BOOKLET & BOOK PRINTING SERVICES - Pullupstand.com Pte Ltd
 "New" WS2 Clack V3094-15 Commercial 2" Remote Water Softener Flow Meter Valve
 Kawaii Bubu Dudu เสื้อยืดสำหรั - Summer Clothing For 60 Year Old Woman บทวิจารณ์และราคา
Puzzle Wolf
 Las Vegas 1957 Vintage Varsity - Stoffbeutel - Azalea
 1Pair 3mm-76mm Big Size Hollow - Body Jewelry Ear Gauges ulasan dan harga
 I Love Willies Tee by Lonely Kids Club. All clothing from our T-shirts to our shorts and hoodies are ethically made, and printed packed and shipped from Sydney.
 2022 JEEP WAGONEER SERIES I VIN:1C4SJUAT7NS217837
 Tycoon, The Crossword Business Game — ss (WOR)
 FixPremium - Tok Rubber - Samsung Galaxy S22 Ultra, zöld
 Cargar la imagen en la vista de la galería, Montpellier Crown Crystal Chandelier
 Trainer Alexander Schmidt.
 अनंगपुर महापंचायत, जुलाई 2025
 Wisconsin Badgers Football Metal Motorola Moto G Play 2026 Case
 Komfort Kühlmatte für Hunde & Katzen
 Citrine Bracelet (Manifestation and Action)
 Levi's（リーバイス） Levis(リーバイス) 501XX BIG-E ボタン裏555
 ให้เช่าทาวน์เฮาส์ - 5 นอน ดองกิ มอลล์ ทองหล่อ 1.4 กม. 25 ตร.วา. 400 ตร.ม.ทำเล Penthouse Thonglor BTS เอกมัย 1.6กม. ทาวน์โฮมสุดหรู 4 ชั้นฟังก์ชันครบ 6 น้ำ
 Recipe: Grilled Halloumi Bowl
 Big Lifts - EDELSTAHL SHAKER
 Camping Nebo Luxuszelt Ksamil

....

_ASSIGNMENT:_ Print exactly the lines from the beginning of the entries through the line with "1Pair 3mm-76mm Big". Output nothing more.

_ANSWER BOX:_
BOOKLET & BOOK PRINTING SERVICES - Pullupstand.com Pte Ltd
 "New" WS2 Clack V3094-15 Commercial 2" Remote Water Softener Flow Meter Valve
 Kawaii Bubu Dudu เสื้อยืดสำหรั - Summer Clothing For 60 Year Old Woman บทวิจารณ์และราคา
Puzzle Wolf
 Las Vegas 1957 Vintage Varsity - Stoffbeutel - Azalea
 1Pair 3mm-76mm Big Size Hollow - Body Jewelry Ear Gauges ulasan dan harga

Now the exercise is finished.